[SQL] Writing Efficient SQL Queries

Think of yourself building a program. It can be any types, such as website, app, etc. These applications may require database to show the data that the user requested.

For example, you can think of a table that stores GPS-related data. The longitude and latitude are stored in the database every second. One row increases every second. And… let’s say you have 10,000 users that use your application. Then your DB receive 10,000 rows a second.

How are you going to deal with such circumstance? In this article, I will be introducing three key strategies/skills we can use to make our SQL queries more efficient.

1. Only Select Columns You Want

It is tempting to start your query with SELECT * FROM. However, what if your table has a column that stores large scale of texts?

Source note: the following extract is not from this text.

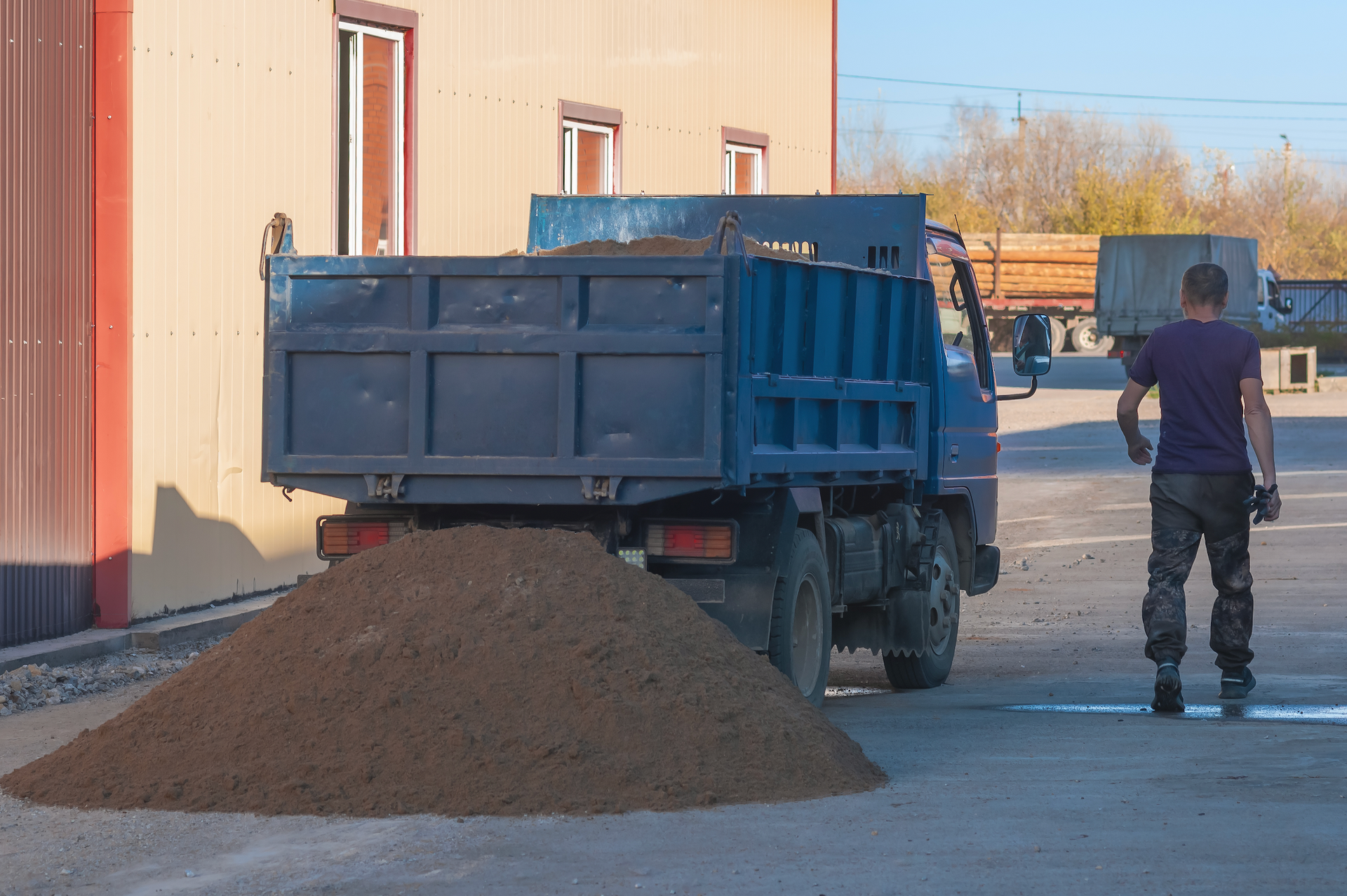 A man is standing in front of a dump truck filled with dirt.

For example, the table reviews has a column called description. Even though your application has set a limit of characters for restaurant review, selecting description column when you do not need is very inefficient.

Example code:

star_query = "SELECT * FROM `bigquery-public-data.github_repos.contents`"
show_amount_of_data_scanned(star_query)

basic_query = "SELECT size, binary FROM `bigquery-public-data.github_repos.contents`"
show_amount_of_data_scanned(basic_query)

Data processed: 2682.118 GB
Data processed: 2.531 GB

2. Read Less Data

Reading less data, in other words, we want to scan less data. It’s not very different from the first strategy. For example, you are selecting a.name where a.id = b.id. In this case, you are scanning three columns to retreive just a single column. Actually, you can get the same result with less columns scanned.

More efficient code:

more_data_query = """
                  SELECT MIN(start_station_name) AS start_station_name,
                      MIN(end_station_name) AS end_station_name,
                      AVG(duration_sec) AS avg_duration_sec
                  FROM `bigquery-public-data.san_francisco.bikeshare_trips`
                  WHERE start_station_id != end_station_id 
                  GROUP BY start_station_id, end_station_id
                  LIMIT 10
                  """
show_amount_of_data_scanned(more_data_query)

less_data_query = """
                  SELECT start_station_name,
                      end_station_name,
                      AVG(duration_sec) AS avg_duration_sec                  
                  FROM `bigquery-public-data.san_francisco.bikeshare_trips`
                  WHERE start_station_name != end_station_name
                  GROUP BY start_station_name, end_station_name
                  LIMIT 10
                  """
show_amount_of_data_scanned(less_data_query)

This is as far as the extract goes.